Question: Why did my Cell Ranger job fail in stage code with exit status 255?
Answer: The above message with an exit code 255 is usually due to user limits (ulimits) not set appropriately for the system.
ERROR; return code from pthread_create() is 11
Error detail: Resource temporarily unavailable
Job failed in stage code
exit status 255
You can use the sitecheck file to assess if there is a need to change the ulimits. Since cellranger
spans multiple processes per core, there are times when the job can exceed those limits. Hence the recommendation is to have the ulimit -n set to 16000. However, the max user processes is the system limit that varies for different users. In some systems it defaults to 1024 or 4096.
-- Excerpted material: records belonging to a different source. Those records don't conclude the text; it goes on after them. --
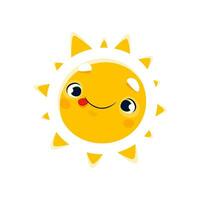 tekenfilm schattig zon karakter, emoji gezicht met tong vector
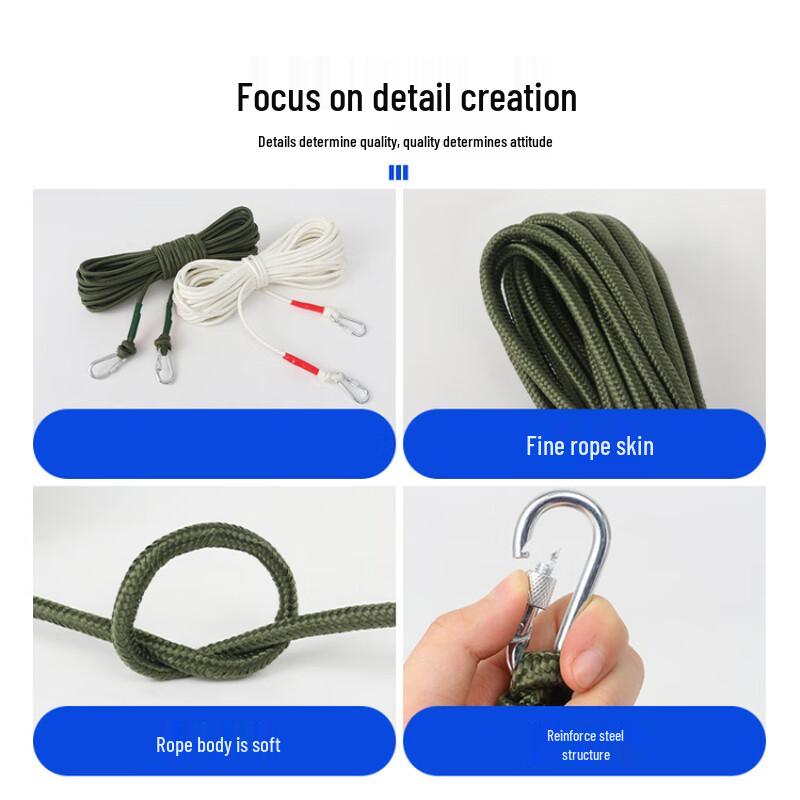 Ruifulaike Heavy-Duty Steel Core Nylon Rope for Outdoor Camping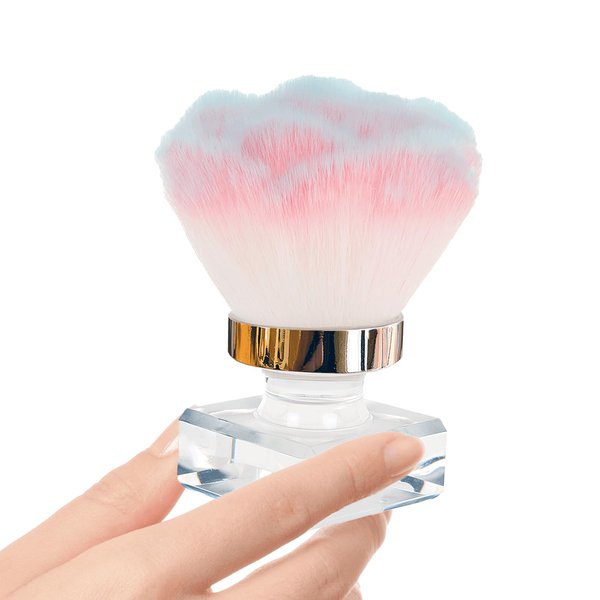 Rungang Nail Dust Brush, Soft Kabuki Cleaner Nail Art Dust Powder Remover Nail Art Brush Manicure Brush for Makeup Acrylic Nails (Pale Pink)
Inspect the sitecheck file and verify the max open files and max user processes ulimits. For example,
=====================================================================
User Limits
bash -c 'ulimit -a'
---------------------------------------------------------------------
open files (-n) 4096
max user processes (-u) 1024
=====================================================================
If a limit of 1024 is set by a user but the job exceeds 1024 processes, then the system will usually kill such jobs. Thus if the max user process is set to 1024, then --localcores=16
can usually be used safely. So either you can throttle the resources by making use of --localcores
and --localmem
options or set the ulimits appropriately for Cell Ranger as recommended here under the guidance of your admin.